[[ Data for processing, beginning ]]
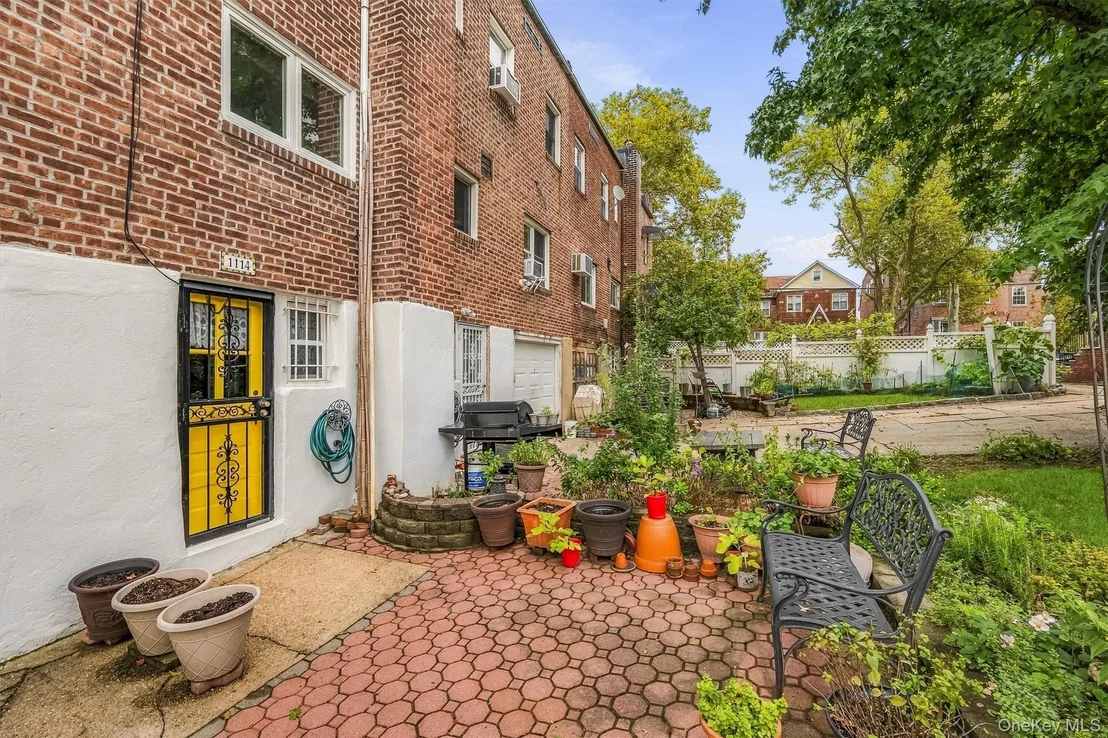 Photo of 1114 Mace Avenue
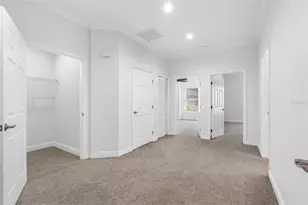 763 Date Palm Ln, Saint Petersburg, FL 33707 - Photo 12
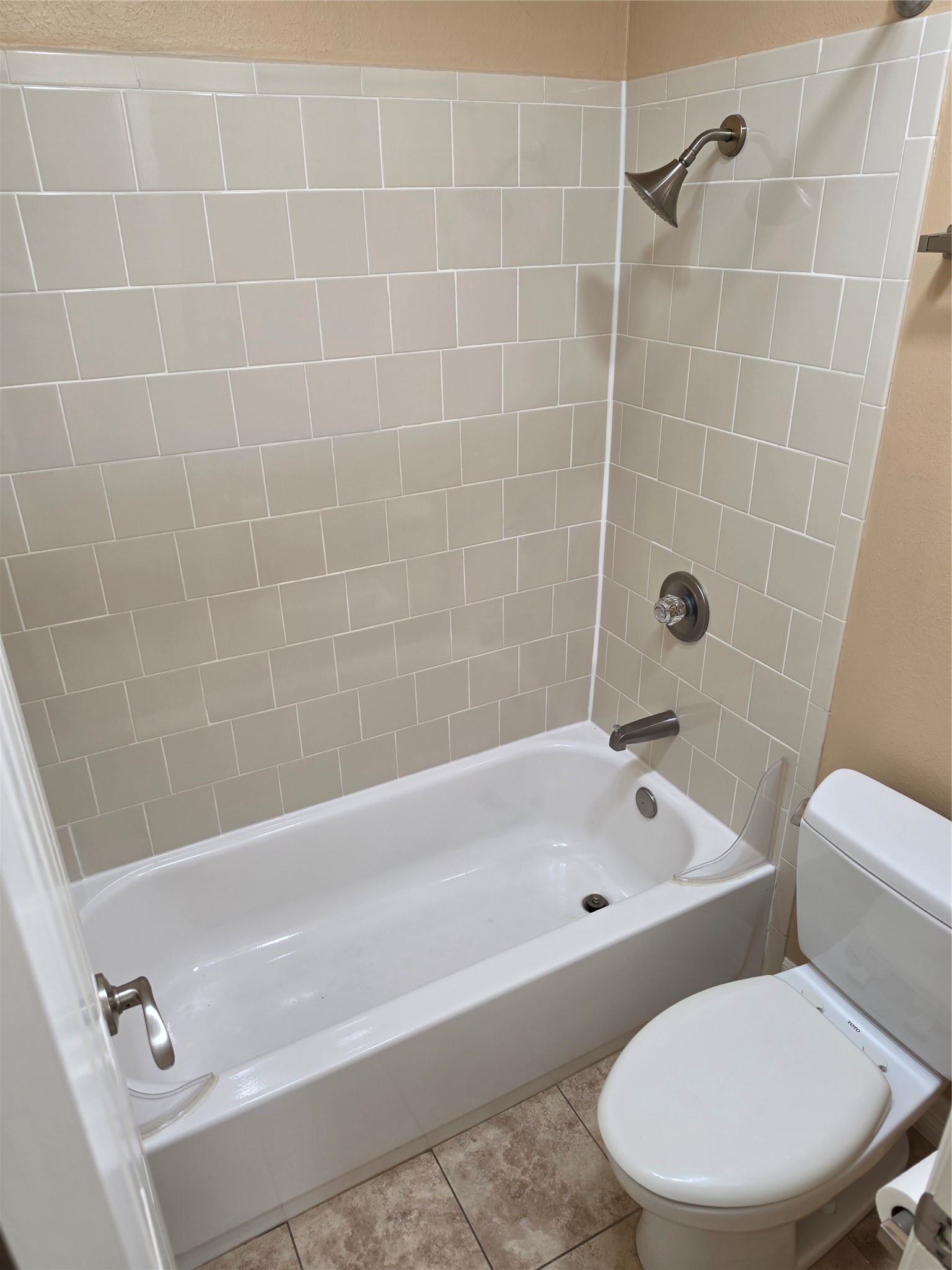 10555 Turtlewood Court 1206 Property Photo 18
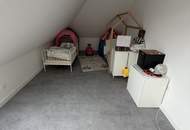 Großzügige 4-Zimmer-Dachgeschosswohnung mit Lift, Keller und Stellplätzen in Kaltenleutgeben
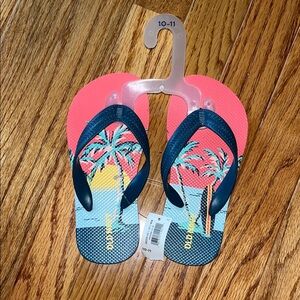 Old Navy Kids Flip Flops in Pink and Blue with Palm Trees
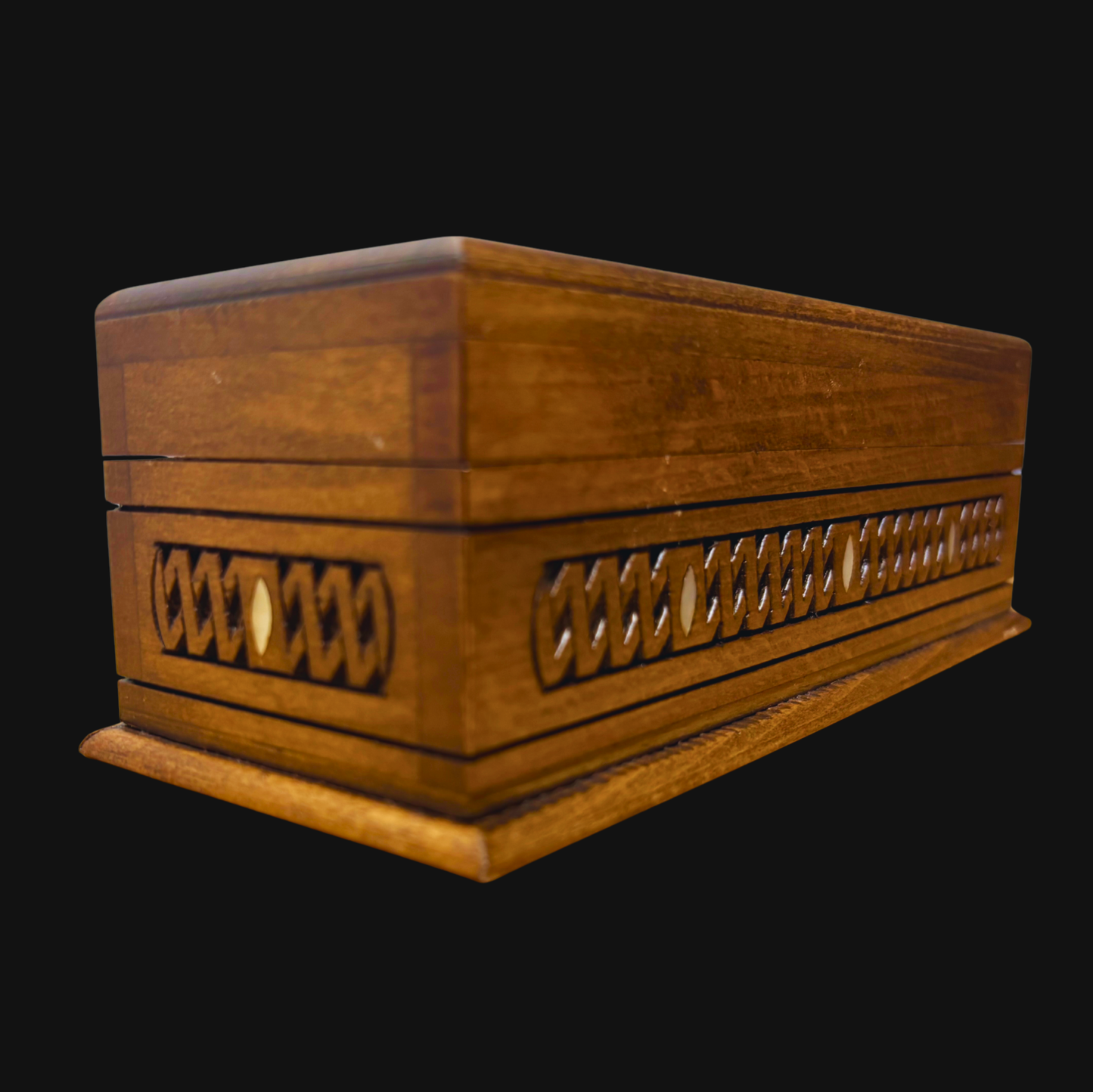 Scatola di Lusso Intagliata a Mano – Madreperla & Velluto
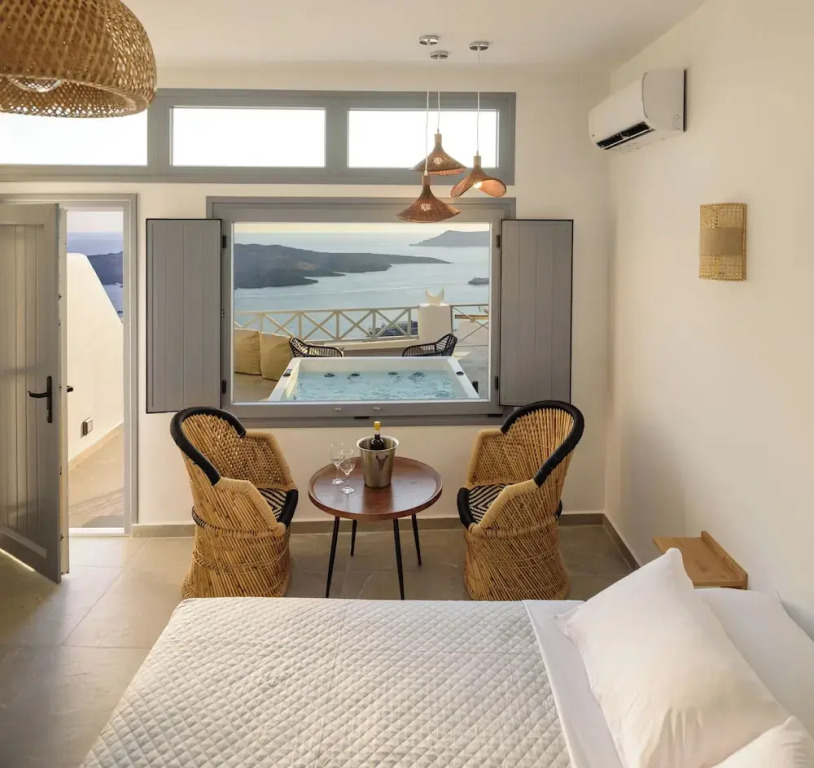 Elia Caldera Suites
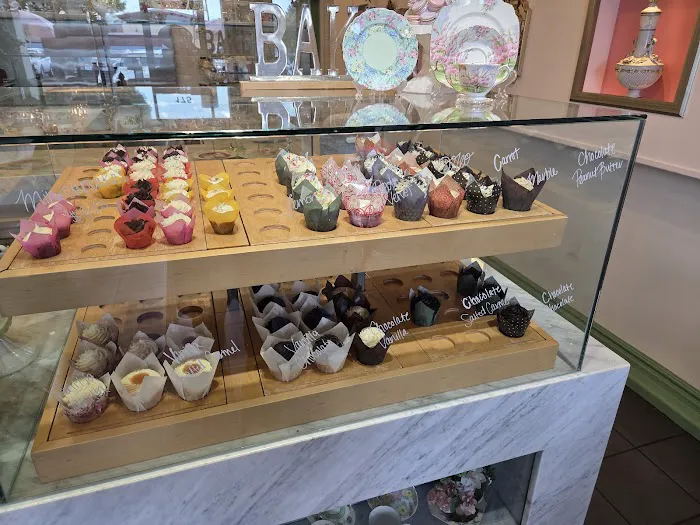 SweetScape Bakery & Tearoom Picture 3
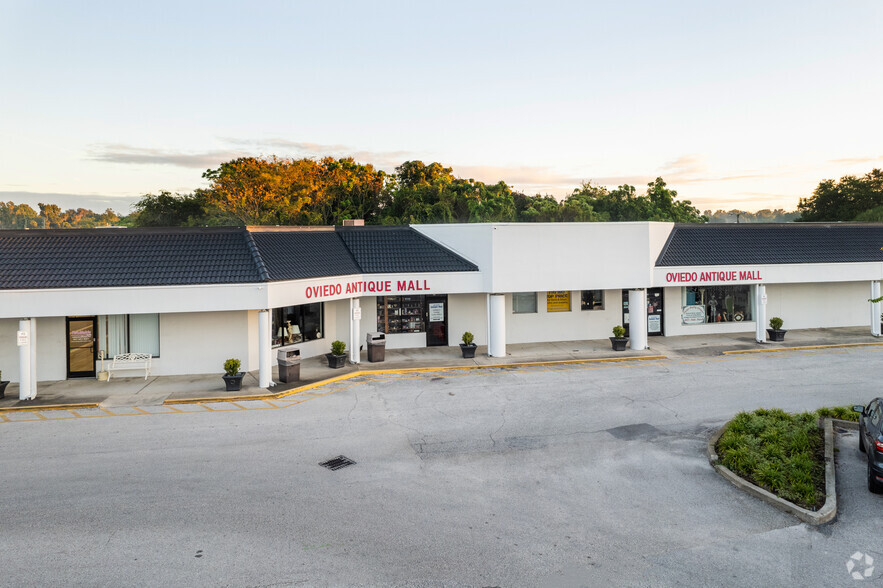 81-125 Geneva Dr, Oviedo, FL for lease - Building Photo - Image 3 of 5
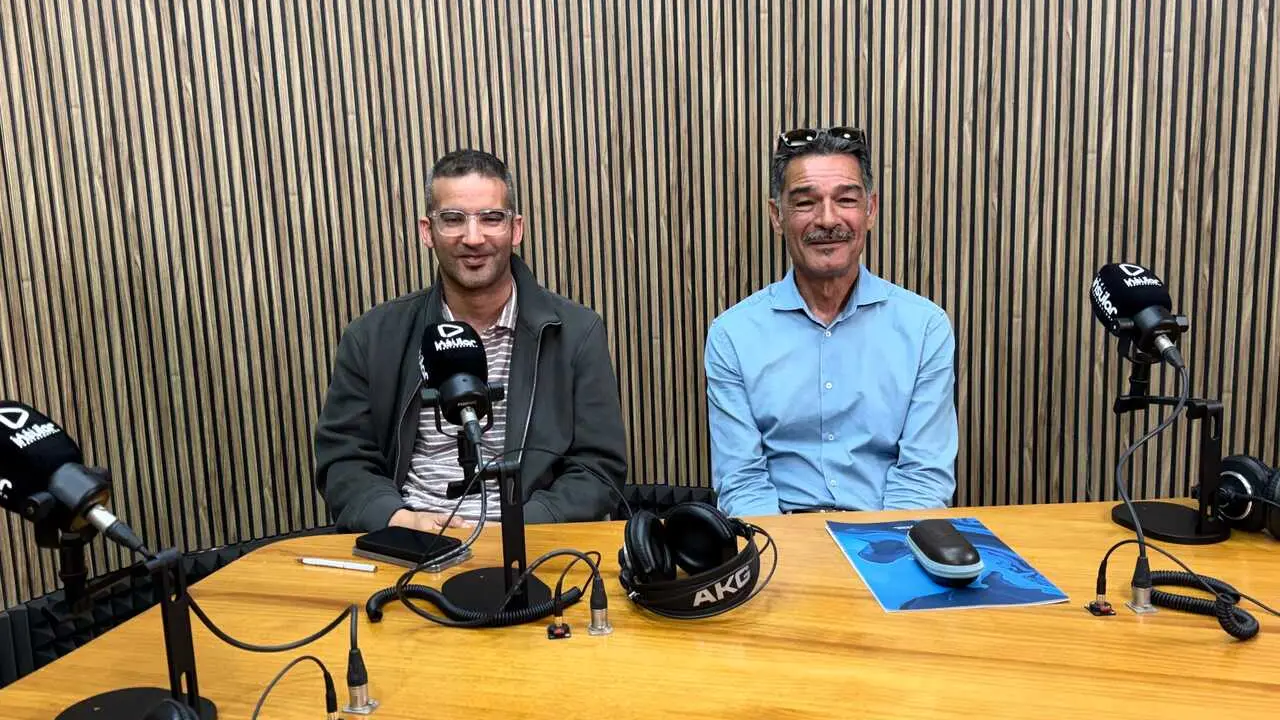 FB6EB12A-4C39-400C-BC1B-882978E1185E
[[ Data for processing, end ]]
** Exercise instructions **
What is needed is an exact copy of the lines from the line with "Großzügige 4-Zimmer-Dachgeschosswohnung mit" to the end of the data above, both included, without any pictures.

** Response area **
 Großzügige 4-Zimmer-Dachgeschosswohnung mit Lift, Keller und Stellplätzen in Kaltenleutgeben
 Old Navy Kids Flip Flops in Pink and Blue with Palm Trees
 Scatola di Lusso Intagliata a Mano – Madreperla & Velluto
 Elia Caldera Suites
 SweetScape Bakery & Tearoom Picture 3
 81-125 Geneva Dr, Oviedo, FL for lease - Building Photo - Image 3 of 5
 FB6EB12A-4C39-400C-BC1B-882978E1185E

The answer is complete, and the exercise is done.